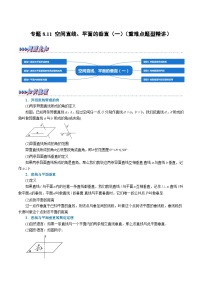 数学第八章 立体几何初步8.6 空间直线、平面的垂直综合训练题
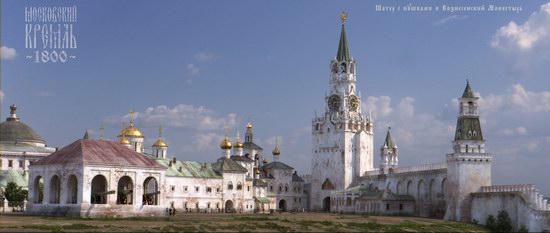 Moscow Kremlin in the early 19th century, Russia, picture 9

--

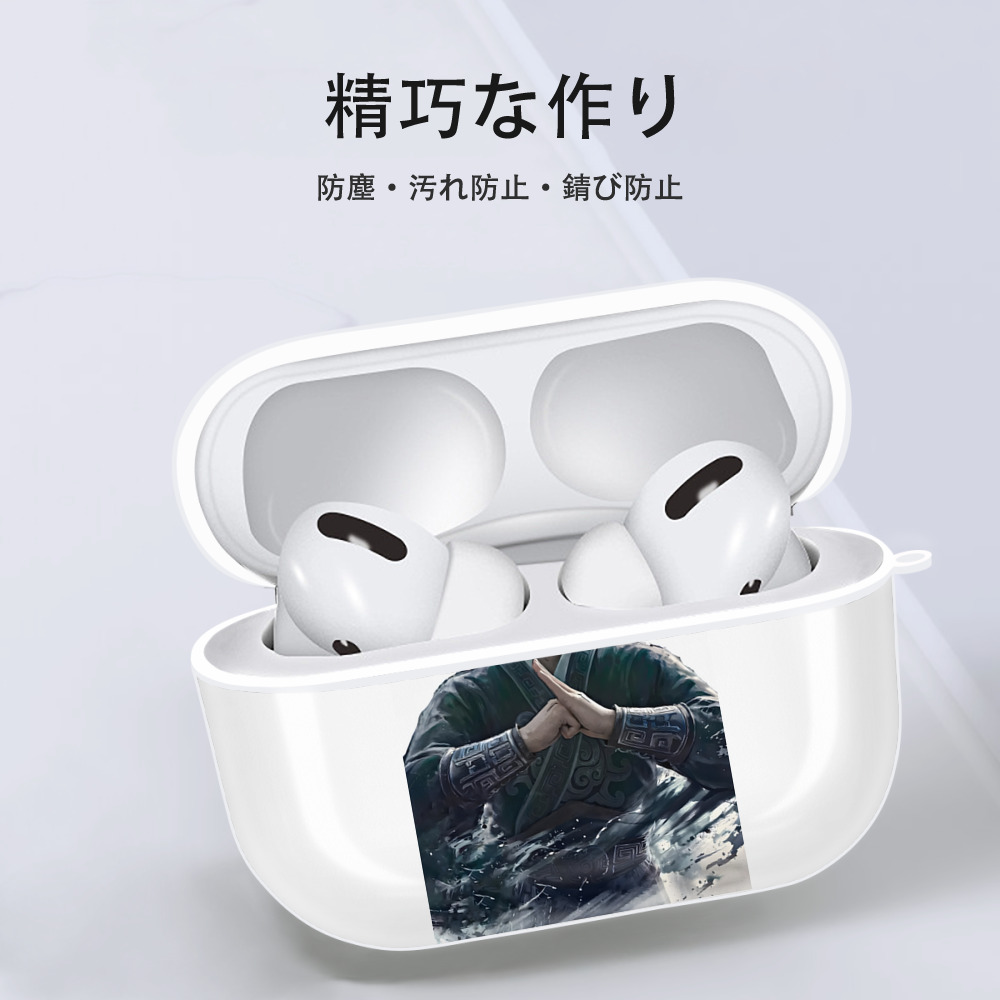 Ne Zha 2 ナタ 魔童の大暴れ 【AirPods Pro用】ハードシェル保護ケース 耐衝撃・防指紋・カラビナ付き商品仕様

■ Problem to work on ■
Taking the entries above, copy word for word the lines from the one with "数学第八章 立体几何初步8.6 空间直线、平面的垂直综合训练题" up to and including the one with "Moscow Kremlin in", without any picture.

■ Answer for the task ■
 数学第八章 立体几何初步8.6 空间直线、平面的垂直综合训练题
 Moscow Kremlin in the early 19th century, Russia, picture 9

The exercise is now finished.